▸ RECORDS SUPPLIED:
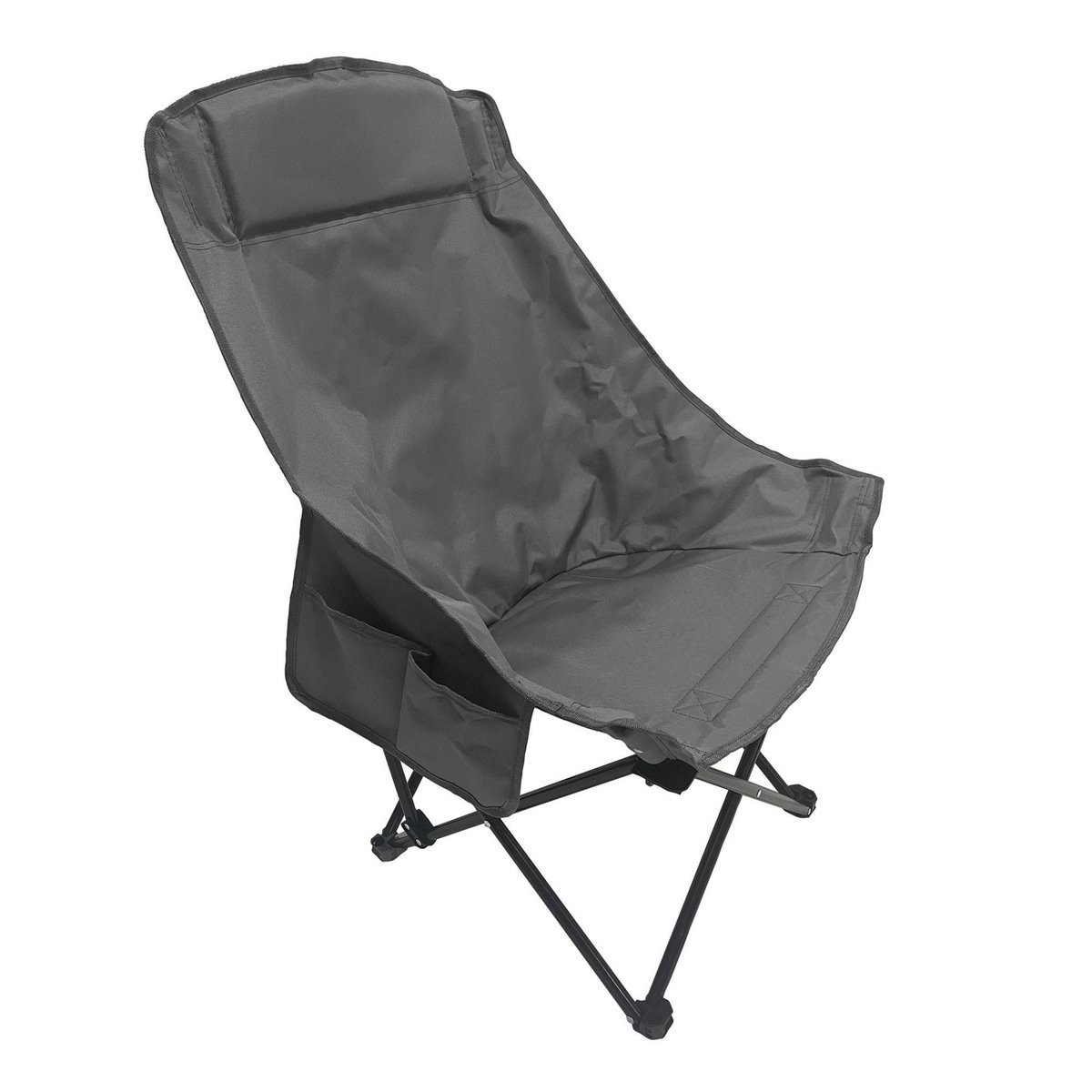 WERKAPRO Fauteuil Pliant WERKA PRO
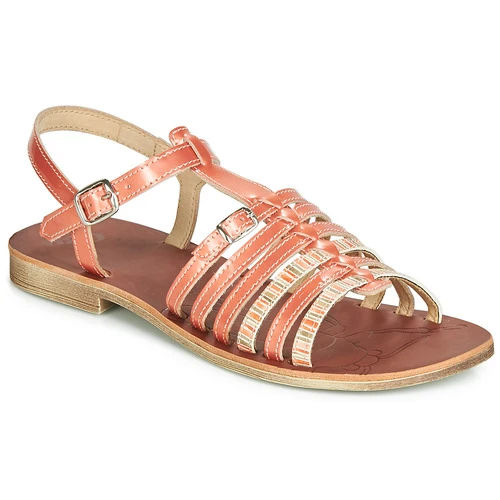 GBB BANGKOK Couleur Corail 3 GBB BANGKOK Couleur Corail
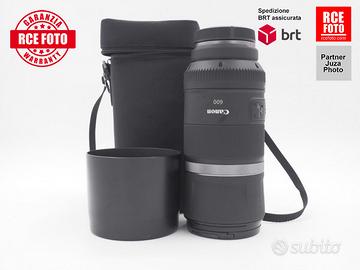 Canon RF 600 F11 IS STM (Canon)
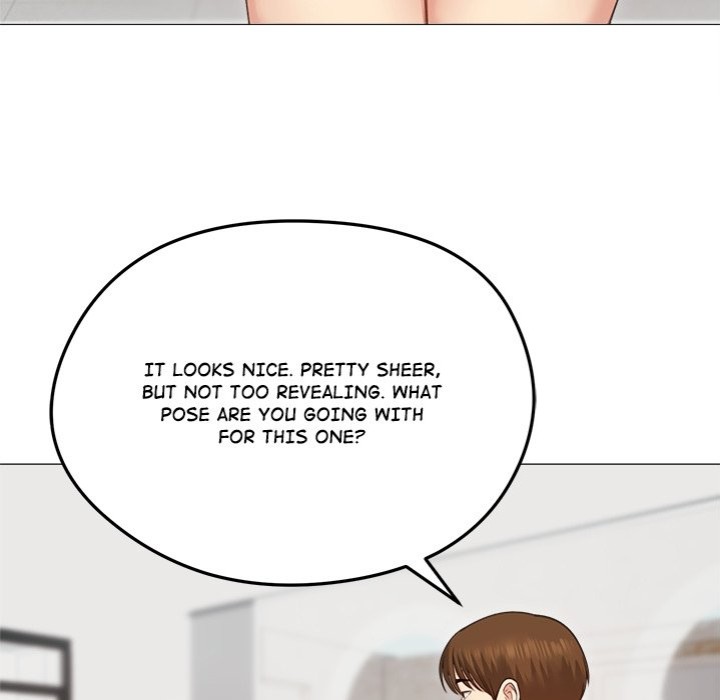 18+ Runaway Wife Chapter 35 page 119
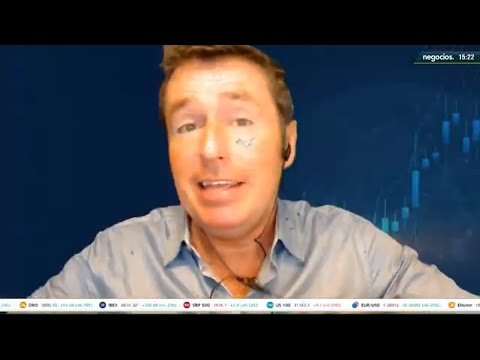 "Todo el sistema financiero sabe que el oro es clave y lo hacen subir". Alberto Iturralde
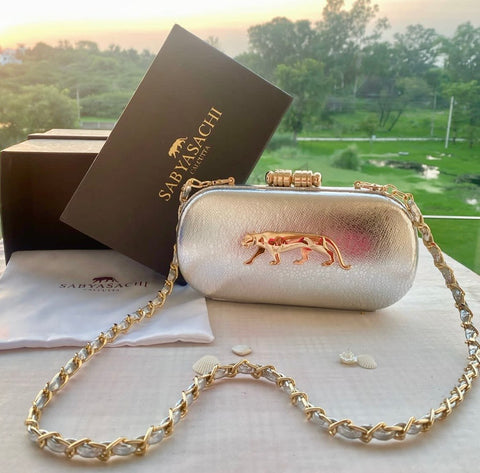 Sabyasachi inspired clutch,purse,bag, wedding, evening clutch,purse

▸ DIRECTIONS FOR THIS TASK:
For each entry above, write it out again exactly but leave out any picture.

▸ OUTPUT FOR THIS EXERCISE:
 WERKAPRO Fauteuil Pliant WERKA PRO
 GBB BANGKOK Couleur Corail 3 GBB BANGKOK Couleur Corail
 Canon RF 600 F11 IS STM (Canon)
 18+ Runaway Wife Chapter 35 page 119
 "Todo el sistema financiero sabe que el oro es clave y lo hacen subir". Alberto Iturralde
 Sabyasachi inspired clutch,purse,bag, wedding, evening clutch,purse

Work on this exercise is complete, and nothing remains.